Aim of the exercise: From the data underneath, reproduce exactly the stretch that begins at the line with "Age Limit: 21 - 40 Years" and ends after the line with "File:《中華大藏經》 第24冊 第096頁.png".

*** Data to examine Section Begins ***

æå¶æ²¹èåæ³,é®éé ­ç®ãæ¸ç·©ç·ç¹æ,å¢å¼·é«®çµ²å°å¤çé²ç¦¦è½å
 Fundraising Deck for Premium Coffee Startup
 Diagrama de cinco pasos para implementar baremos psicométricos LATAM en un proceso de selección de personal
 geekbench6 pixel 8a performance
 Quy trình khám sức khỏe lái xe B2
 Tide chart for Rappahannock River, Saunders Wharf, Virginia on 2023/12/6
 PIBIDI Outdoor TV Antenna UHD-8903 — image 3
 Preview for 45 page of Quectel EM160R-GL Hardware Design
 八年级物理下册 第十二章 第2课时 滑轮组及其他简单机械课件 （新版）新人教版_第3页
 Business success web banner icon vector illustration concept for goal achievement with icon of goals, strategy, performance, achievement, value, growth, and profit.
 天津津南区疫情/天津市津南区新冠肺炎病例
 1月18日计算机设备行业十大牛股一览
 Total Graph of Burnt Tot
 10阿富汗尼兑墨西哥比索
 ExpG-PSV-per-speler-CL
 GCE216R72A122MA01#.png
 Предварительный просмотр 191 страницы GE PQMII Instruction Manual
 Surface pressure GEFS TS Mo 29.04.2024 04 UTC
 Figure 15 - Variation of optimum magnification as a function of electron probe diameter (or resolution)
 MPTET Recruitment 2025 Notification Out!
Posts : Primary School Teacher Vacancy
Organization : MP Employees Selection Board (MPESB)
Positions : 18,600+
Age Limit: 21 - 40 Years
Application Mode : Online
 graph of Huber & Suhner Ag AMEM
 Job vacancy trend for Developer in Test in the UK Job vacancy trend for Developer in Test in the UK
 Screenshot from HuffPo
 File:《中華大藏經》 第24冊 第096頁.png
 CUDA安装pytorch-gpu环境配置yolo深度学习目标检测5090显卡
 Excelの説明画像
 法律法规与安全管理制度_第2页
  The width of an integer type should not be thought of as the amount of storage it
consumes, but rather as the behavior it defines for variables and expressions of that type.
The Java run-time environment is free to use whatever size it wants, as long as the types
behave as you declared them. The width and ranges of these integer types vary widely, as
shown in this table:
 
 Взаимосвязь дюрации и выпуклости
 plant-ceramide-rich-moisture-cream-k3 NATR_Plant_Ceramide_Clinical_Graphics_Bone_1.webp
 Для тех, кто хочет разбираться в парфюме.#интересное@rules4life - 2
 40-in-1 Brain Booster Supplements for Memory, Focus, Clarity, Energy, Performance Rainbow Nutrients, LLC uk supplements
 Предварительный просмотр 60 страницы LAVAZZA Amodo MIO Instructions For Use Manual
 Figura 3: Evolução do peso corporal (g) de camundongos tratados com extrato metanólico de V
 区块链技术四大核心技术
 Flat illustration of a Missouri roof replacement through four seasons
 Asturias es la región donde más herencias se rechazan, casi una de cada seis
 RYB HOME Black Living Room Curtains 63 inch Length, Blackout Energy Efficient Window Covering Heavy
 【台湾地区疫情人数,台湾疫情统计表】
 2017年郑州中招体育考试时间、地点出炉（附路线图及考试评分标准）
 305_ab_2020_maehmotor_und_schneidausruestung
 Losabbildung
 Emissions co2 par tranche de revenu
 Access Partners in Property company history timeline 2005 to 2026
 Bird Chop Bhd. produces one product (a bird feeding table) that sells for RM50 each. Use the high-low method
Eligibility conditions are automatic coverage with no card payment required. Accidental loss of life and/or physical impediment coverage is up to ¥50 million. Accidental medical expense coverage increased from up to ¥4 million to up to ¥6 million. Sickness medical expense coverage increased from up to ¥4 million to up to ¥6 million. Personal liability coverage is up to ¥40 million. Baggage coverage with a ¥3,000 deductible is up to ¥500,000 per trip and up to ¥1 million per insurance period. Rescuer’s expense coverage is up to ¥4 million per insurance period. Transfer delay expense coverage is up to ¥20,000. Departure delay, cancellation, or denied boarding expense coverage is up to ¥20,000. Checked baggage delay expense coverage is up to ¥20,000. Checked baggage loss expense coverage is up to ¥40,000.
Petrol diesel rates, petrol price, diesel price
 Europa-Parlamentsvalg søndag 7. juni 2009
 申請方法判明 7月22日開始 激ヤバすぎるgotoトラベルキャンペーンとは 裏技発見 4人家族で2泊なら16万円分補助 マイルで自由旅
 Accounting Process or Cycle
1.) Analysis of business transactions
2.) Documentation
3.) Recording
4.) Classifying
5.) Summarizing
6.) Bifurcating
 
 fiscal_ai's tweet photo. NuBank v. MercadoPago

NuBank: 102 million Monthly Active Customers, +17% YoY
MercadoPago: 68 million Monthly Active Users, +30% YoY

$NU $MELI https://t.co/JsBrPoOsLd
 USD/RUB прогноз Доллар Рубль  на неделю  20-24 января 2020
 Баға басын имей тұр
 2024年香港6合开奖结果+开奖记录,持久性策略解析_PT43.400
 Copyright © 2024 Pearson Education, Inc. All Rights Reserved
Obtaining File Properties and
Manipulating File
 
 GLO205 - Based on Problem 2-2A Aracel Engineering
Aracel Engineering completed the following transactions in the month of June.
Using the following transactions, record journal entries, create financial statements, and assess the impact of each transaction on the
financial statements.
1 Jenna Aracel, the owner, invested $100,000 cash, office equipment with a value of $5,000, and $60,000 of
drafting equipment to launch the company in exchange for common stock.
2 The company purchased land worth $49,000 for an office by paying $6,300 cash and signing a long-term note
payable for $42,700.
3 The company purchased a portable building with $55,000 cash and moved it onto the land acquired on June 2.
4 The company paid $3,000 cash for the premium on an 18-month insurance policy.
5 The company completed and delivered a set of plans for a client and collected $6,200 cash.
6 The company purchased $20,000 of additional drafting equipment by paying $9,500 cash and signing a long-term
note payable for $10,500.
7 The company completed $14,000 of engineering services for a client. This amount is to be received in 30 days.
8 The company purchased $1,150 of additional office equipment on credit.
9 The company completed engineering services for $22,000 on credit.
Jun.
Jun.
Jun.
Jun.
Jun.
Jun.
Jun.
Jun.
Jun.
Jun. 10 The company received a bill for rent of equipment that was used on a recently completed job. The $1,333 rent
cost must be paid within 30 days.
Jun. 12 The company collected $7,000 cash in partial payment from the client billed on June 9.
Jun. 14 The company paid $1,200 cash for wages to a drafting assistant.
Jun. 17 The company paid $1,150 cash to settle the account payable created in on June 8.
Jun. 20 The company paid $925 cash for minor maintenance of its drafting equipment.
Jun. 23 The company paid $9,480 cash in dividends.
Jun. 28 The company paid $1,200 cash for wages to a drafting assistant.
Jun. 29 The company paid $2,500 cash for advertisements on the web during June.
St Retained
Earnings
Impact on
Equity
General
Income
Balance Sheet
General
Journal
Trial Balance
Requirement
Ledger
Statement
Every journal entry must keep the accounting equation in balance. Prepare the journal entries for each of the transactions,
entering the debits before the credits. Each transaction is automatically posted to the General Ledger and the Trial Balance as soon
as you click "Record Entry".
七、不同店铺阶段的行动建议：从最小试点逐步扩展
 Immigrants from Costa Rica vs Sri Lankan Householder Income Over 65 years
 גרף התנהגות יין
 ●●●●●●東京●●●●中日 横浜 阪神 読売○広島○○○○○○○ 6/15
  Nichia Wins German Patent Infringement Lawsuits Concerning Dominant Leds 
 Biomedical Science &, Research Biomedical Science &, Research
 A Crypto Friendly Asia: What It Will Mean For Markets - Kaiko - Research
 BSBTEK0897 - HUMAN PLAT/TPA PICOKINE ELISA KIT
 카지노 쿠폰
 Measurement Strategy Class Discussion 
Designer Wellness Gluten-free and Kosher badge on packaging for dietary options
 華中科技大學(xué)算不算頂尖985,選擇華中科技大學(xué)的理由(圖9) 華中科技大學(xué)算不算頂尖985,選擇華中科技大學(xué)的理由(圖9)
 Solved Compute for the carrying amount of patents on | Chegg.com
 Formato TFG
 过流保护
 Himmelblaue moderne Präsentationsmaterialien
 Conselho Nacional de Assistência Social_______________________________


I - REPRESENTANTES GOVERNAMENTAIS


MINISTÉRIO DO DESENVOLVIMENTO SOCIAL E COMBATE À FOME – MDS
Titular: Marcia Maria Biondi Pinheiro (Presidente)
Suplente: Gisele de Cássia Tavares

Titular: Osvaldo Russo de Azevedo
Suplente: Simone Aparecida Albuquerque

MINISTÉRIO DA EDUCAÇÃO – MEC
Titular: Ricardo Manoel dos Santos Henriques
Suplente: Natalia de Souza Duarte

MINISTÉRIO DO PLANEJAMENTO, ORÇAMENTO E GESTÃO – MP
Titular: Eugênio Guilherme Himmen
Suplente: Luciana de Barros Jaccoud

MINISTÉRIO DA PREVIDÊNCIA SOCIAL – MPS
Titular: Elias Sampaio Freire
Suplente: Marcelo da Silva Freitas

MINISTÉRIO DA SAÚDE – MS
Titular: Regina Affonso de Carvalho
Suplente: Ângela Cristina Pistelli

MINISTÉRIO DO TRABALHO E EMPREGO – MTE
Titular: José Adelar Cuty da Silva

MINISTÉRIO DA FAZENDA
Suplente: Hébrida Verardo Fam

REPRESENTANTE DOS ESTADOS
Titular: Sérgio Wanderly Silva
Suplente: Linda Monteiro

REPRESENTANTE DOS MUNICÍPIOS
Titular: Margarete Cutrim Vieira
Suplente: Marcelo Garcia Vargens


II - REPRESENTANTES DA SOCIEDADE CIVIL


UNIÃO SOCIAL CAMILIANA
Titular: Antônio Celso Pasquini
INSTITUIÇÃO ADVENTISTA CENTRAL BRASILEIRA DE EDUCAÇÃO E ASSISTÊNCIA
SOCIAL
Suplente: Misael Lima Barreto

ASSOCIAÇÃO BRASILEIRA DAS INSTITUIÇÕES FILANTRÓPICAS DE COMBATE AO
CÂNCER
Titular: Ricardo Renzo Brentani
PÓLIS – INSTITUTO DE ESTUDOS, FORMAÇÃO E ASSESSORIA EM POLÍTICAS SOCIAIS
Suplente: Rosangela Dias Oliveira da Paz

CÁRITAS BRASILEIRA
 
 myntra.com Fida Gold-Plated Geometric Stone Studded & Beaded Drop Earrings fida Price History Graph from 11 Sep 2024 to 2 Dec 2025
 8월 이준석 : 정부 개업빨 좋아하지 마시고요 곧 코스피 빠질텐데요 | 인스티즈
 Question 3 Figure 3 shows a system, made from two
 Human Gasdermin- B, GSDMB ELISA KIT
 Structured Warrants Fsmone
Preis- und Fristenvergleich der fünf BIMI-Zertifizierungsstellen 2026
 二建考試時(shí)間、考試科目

*** Data to examine Section Ends ***

Result of the task:
Age Limit: 21 - 40 Years
Application Mode : Online
 graph of Huber & Suhner Ag AMEM
 Job vacancy trend for Developer in Test in the UK Job vacancy trend for Developer in Test in the UK
 Screenshot from HuffPo
 File:《中華大藏經》 第24冊 第096頁.png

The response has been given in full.